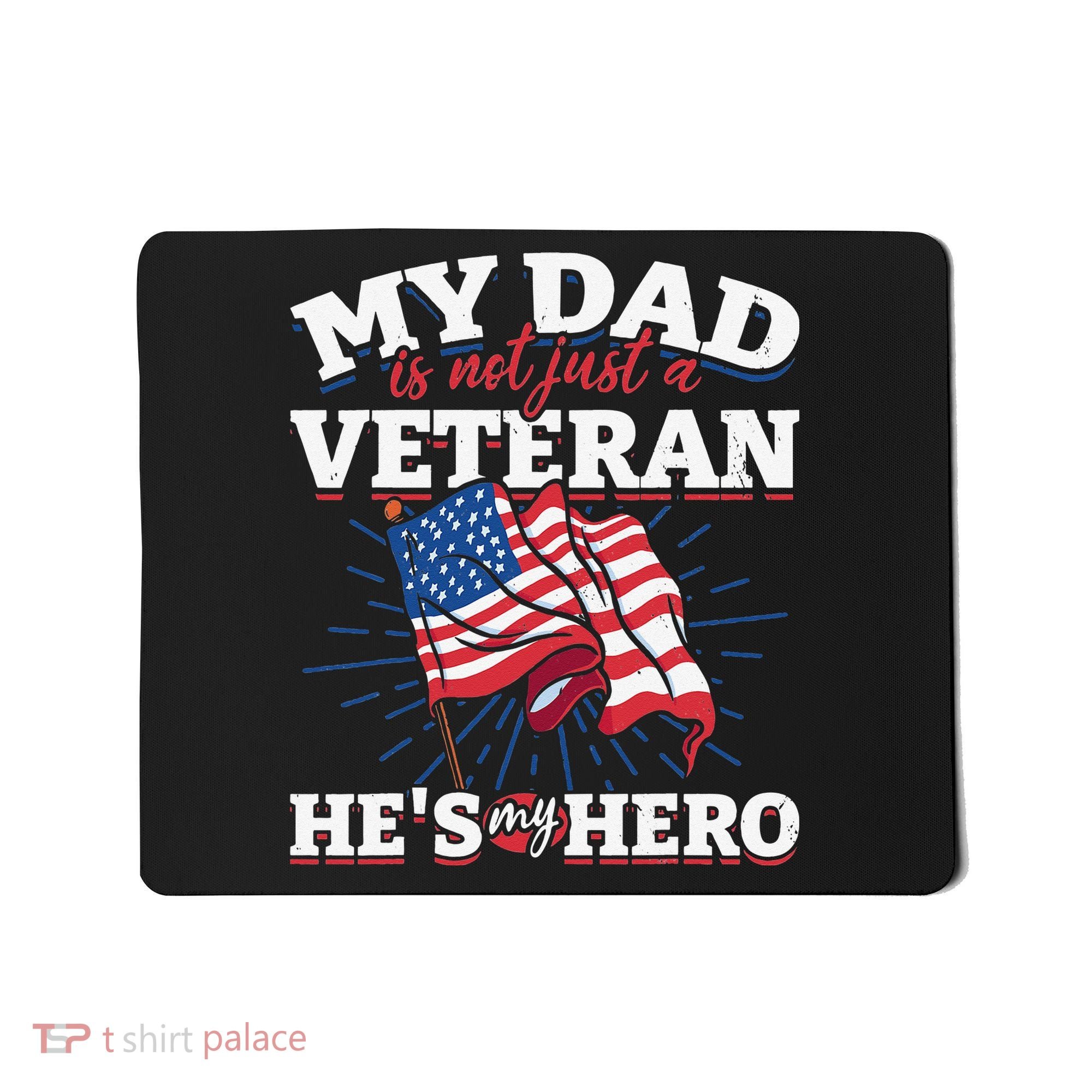 My Dad is not just a Veteran he is my Hero Veterans Day Mousepad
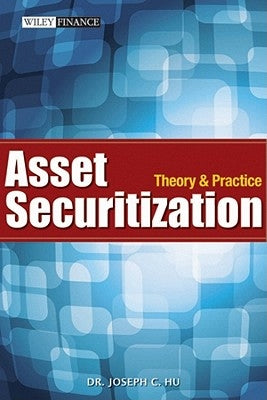 Asset Securitization: Theory and Practice by Hu, Joseph C.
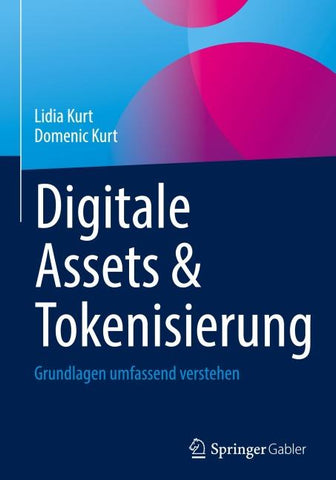 Digitale Assets & Tokenisierung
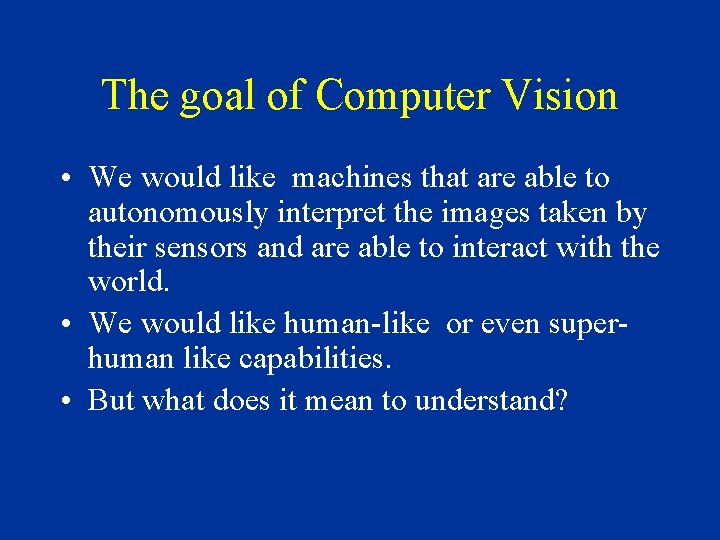 The goal of Computer Vision • We would like machines that are able to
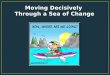 Moving Decisively  Through a Sea of Change
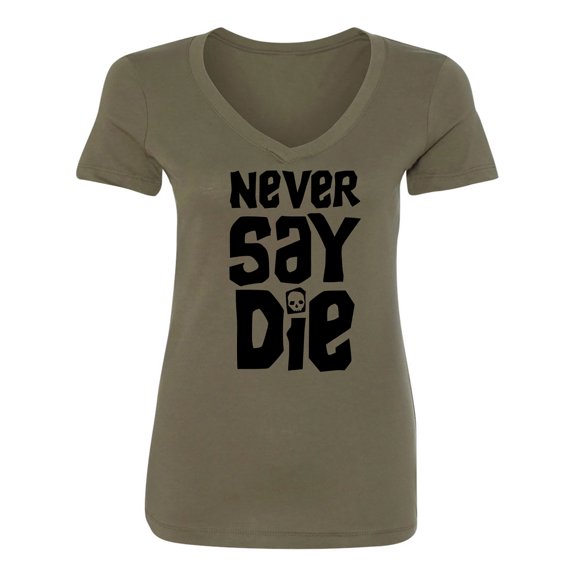 NEVER SAY DIE Womens V-Neck T-Shirt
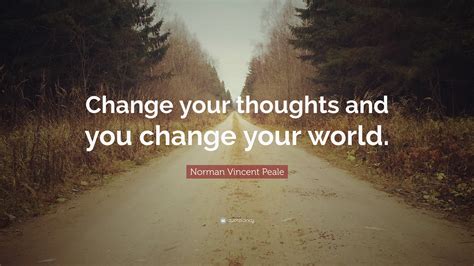 Norman Vincent Peale Quote Change Your Thoughts And You Change Your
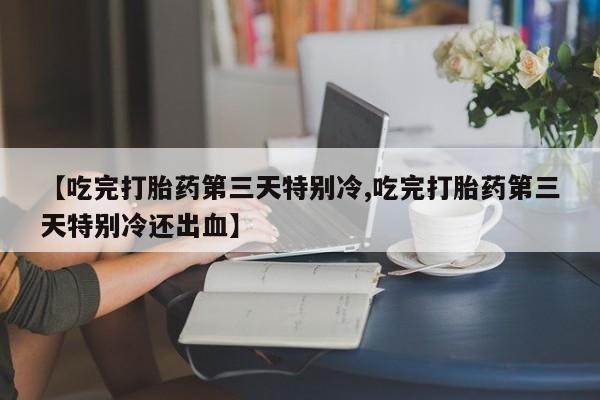 私人卖堕胎药的微信【吃完打胎药第三天特别冷,吃完打胎药第三天特别冷还出血】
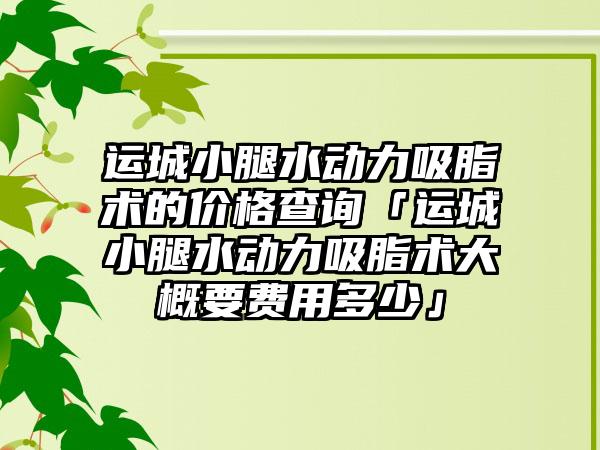 运城小腿水动力吸脂术的价格查询「运城小腿水动力吸脂术大概要费用多少」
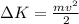 \Delta K=\frac{mv^2}{2}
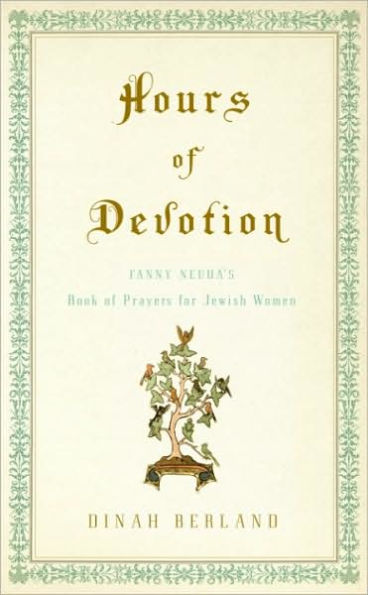 Hours of Devotion: Fanny Neuda's Book of Prayers for Jewish Women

▬▬▬▬▬▬

* [Problem details] Drop the pictures; return the lines above from the line containing "Asset Securitization: Theory" to the line containing "NEVER SAY DIE Womens V-Neck T-Shirt", both included, exactly.

* [Written solution]
 Asset Securitization: Theory and Practice by Hu, Joseph C.
 Digitale Assets & Tokenisierung
 The goal of Computer Vision • We would like machines that are able to
 Moving Decisively  Through a Sea of Change
 NEVER SAY DIE Womens V-Neck T-Shirt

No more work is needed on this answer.